Ike Hathaway was convicted of possessing intoxicating liquor, and he appeals. Affirmed.

Affirmed.

McFarland & Holmes, of Aberdeen, for appellant.

Article 4, Constitution of the United States, Amendments, page 14 Mississippi Code of 1930 Annotated, and Section 23 Constitution of the State of Mississippi, page 49, Code of 1930 Annotated, are almost identical in wording and are to the effect that the people shall be secure in their persons, houses and possessions from unreasonable seizure and search.

The search warrant provided for and directed to be issued therein (Sec. 1975, Miss. Code of 1930 Annotated), if issued by a justice of the peace, must be issued by "a justice of the peace of the county" in which the property ordered to be searched is located.

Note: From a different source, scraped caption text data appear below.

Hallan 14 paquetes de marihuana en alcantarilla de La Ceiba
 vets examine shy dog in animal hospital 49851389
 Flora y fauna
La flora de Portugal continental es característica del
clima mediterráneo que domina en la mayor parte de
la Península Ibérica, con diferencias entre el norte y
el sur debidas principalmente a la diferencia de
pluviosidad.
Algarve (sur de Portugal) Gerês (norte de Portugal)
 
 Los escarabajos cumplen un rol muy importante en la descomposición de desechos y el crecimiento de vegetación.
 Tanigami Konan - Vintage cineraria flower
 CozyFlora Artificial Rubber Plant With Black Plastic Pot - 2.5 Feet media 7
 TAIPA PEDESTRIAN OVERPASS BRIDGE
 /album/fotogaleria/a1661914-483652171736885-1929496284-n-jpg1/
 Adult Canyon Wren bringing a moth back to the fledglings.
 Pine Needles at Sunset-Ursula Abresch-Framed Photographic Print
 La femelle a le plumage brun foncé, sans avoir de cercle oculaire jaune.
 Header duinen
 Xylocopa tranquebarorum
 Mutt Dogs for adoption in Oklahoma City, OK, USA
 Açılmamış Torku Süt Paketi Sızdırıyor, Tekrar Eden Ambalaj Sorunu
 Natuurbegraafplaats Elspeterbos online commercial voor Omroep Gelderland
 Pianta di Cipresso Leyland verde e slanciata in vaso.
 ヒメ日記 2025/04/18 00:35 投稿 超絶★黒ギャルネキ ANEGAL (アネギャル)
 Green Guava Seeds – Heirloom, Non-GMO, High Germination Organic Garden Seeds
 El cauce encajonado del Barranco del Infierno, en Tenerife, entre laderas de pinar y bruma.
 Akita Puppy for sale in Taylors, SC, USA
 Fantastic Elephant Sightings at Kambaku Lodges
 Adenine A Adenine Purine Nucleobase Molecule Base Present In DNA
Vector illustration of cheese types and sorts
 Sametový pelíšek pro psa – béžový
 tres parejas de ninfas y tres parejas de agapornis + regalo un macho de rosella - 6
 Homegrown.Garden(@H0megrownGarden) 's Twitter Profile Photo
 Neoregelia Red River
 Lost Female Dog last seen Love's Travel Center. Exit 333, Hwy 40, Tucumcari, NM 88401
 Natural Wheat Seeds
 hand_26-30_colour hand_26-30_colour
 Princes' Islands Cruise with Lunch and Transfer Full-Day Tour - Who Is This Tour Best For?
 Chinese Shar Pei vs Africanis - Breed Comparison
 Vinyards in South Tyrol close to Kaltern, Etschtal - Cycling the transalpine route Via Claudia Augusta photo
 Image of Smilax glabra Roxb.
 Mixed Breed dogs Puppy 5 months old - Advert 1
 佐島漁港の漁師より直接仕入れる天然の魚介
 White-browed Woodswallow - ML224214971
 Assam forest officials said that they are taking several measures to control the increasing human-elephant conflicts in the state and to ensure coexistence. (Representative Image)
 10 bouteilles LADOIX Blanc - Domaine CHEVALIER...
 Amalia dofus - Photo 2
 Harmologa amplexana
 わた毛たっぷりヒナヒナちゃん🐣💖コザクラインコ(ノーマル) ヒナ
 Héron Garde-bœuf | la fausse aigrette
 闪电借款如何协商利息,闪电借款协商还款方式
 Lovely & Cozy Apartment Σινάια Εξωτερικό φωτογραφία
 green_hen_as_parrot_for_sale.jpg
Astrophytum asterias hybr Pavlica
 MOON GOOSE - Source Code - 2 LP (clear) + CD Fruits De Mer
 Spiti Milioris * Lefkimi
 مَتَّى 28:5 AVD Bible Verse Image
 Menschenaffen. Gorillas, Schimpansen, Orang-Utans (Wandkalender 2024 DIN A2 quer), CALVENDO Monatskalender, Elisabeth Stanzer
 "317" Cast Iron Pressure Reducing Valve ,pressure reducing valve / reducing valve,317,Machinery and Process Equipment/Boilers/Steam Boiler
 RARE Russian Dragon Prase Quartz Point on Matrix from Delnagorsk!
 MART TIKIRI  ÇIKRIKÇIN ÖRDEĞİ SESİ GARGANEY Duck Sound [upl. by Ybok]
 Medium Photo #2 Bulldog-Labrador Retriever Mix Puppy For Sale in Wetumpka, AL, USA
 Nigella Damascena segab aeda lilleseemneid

If C. J. Pennal had not resided two years in Monroe County in the district from which he was selected mayor, he was not eligible under Section 171 of the Constitution of the State of Mississippi, supra, to hold the office of justice of the peace, and had no jurisdiction over any part of Monroe County except as mayor over that part of Monroe County located within the corporate limits of the Village of Nettleton and, therefore, the search warrant which issued in this case was absolutely void, and the evidence procured as a result of a search made under said search warrant was incompetent, as it was unlawfully procured.

This court cannot give to the citizens of this state the protection provided for by the Constitution of the State of Mississippi and of the United States against unreasonable search and seizure of their premises by holding that the search warrant in this case is valid.

Sec. 1975, Miss. Code of 1930 Annotated.

Our democratic form of government would be trampled under foot if citizens of other counties adjacent to the counties in which we live, who happen to be mayors of towns located in one or more counties and who have judicial authority, are to be permitted, against the provisions of the constitution, to exercise judicial functions outside of the territory included within the corporate limits of the towns from which they have been elected to serve as mayor.

C. J. Pennal, who was elected mayor of the Village of Nettleton, partly in Lee County and partly in Monroe County, and who resides, and for many years has resided in Lee County, may have been, because of his residence in Lee County for two years or more prior to his selection as mayor of said village, entirely acceptable as mayor and as ex-officio justice of the peace to the citizens of Lee County, where he resided, and to the citizens of the Village of Nettleton, where he likewise resided, but the Constitution provides that he could not possibly be an ex-officio justice of the peace of Monroe County. In fact, the Constitution says that he was not even eligible to hold the office of ex-officio justice of the peace in Monroe County because he had not resided in Monroe County, or in the 5th district thereof, the district in which Nettleton is situated, for two years next preceding his selection.

Our understanding of the law has always been that the constitutional provisions of the laws of search and seizure are to be strictly construed and followed precisely when the persons, houses and possessions of our citizens are to be searched.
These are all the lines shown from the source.